### WORK REQUIRED
An exact copy is needed of the lines in the entries below from the line with "Modern red and" up to and including the line with "SENTUBILA Elegant Lace-up", and of nothing else. Leave the pictures out.

### DATA RECORDS

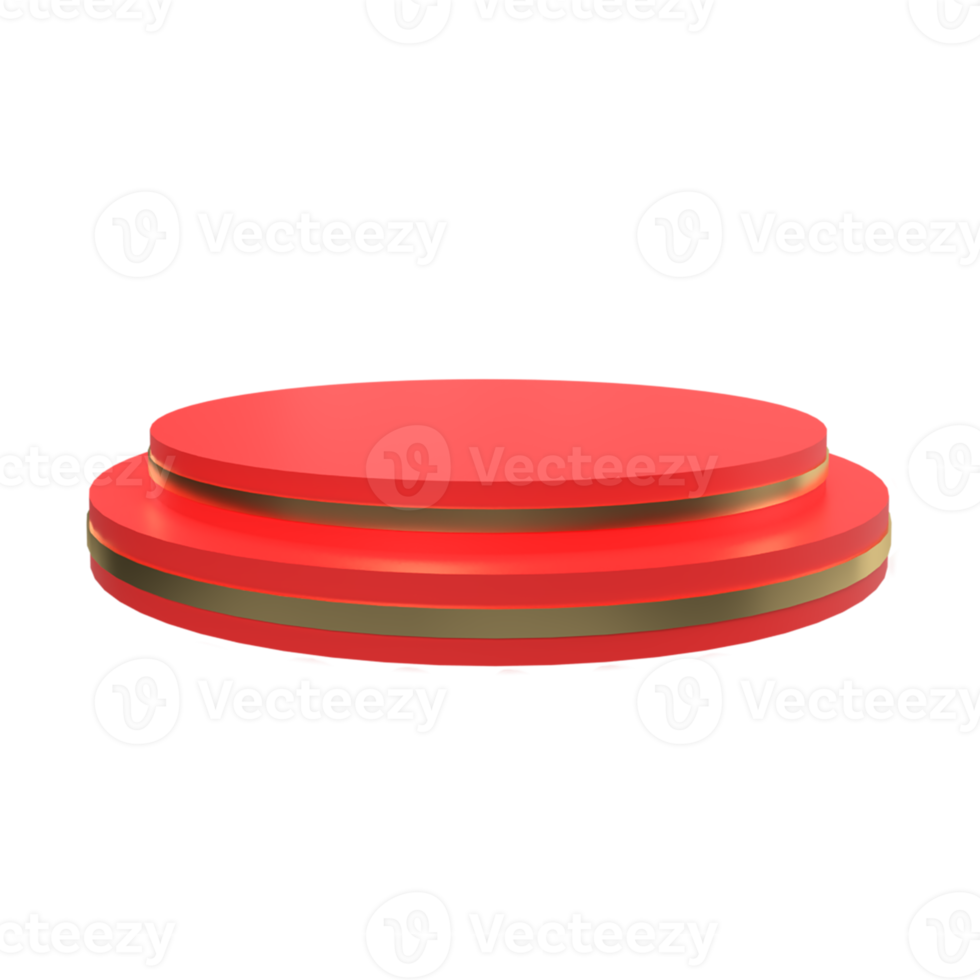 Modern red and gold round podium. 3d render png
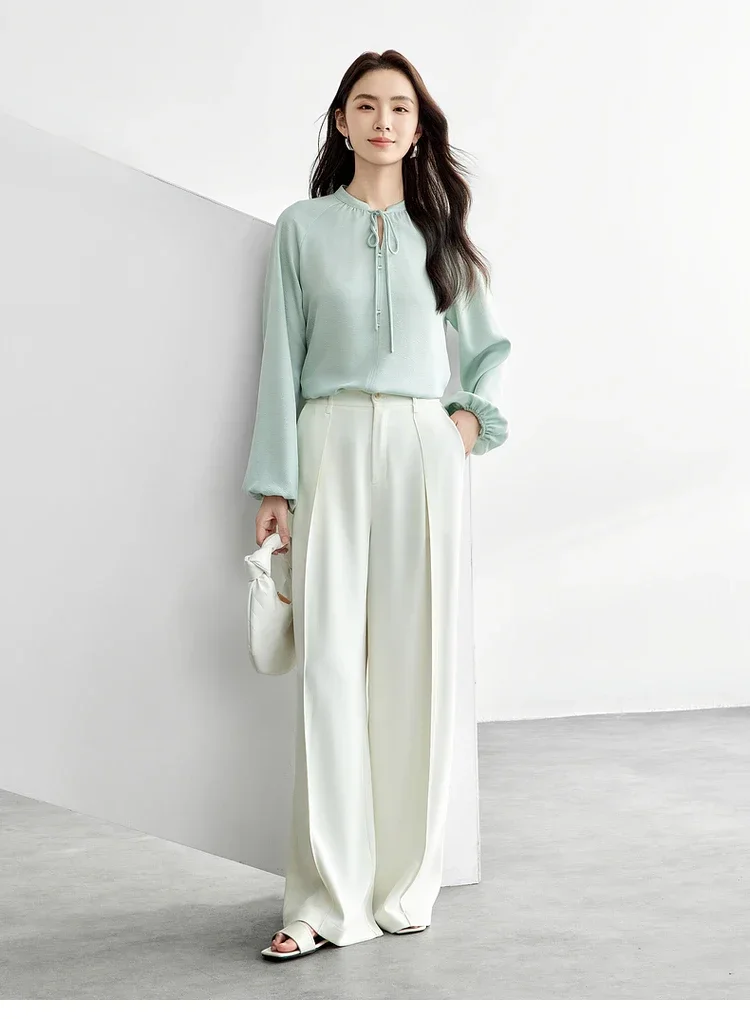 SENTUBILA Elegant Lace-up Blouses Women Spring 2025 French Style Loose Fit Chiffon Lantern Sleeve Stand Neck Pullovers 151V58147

--

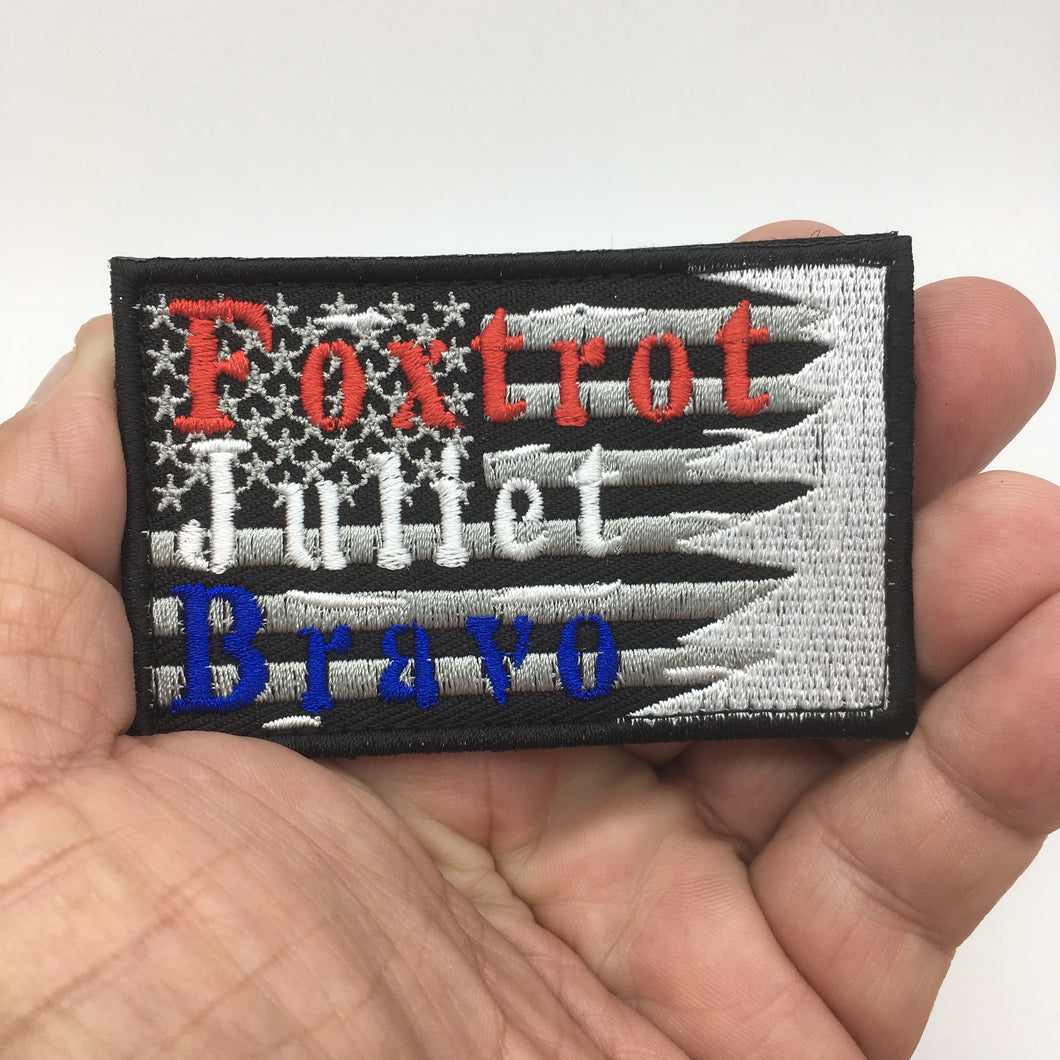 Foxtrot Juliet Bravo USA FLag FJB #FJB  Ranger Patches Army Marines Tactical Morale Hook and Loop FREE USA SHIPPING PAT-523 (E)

### RESULT OF THE EXERCISE
 Modern red and gold round podium. 3d render png
 SENTUBILA Elegant Lace-up Blouses Women Spring 2025 French Style Loose Fit Chiffon Lantern Sleeve Stand Neck Pullovers 151V58147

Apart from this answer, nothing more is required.